▶ _PROVIDED DATA_
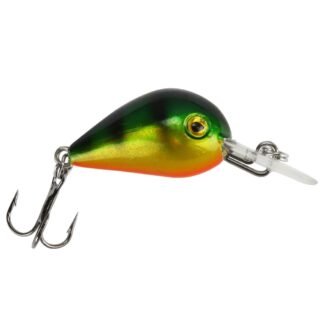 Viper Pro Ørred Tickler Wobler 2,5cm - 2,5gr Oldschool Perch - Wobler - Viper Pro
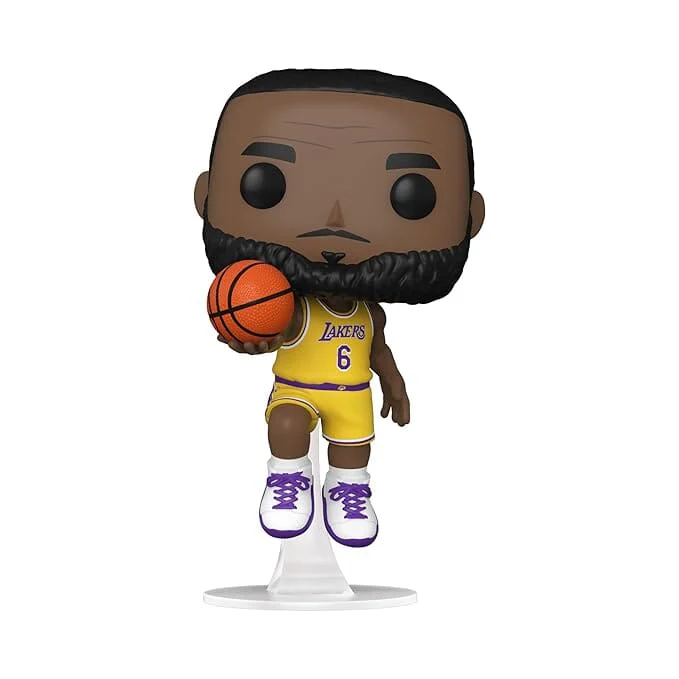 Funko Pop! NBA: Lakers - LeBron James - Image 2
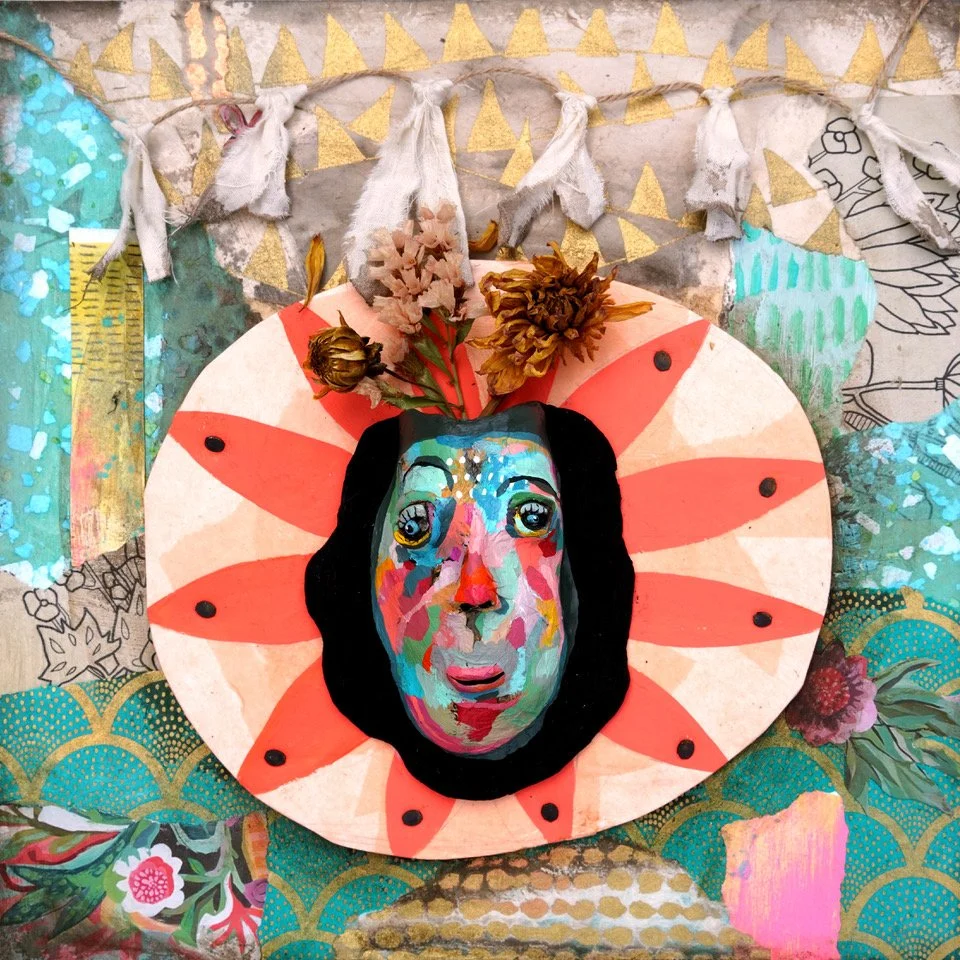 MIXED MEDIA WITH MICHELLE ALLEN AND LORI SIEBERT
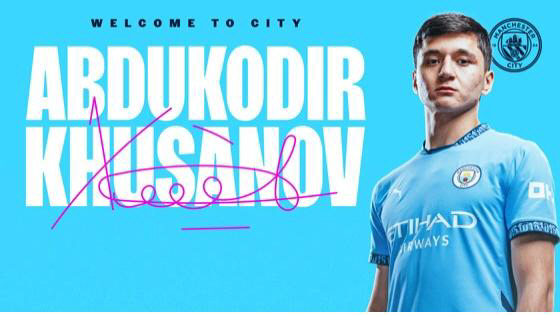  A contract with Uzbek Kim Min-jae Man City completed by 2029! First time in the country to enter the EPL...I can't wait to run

▶ _DIRECTIONS FOR THIS TASK_
Please return the full listing exactly as given, with the images left out.

▶ _SOLVED EXERCISE_
 Viper Pro Ørred Tickler Wobler 2,5cm - 2,5gr Oldschool Perch - Wobler - Viper Pro
 Funko Pop! NBA: Lakers - LeBron James - Image 2
 MIXED MEDIA WITH MICHELLE ALLEN AND LORI SIEBERT
  A contract with Uzbek Kim Min-jae Man City completed by 2029! First time in the country to enter the EPL...I can't wait to run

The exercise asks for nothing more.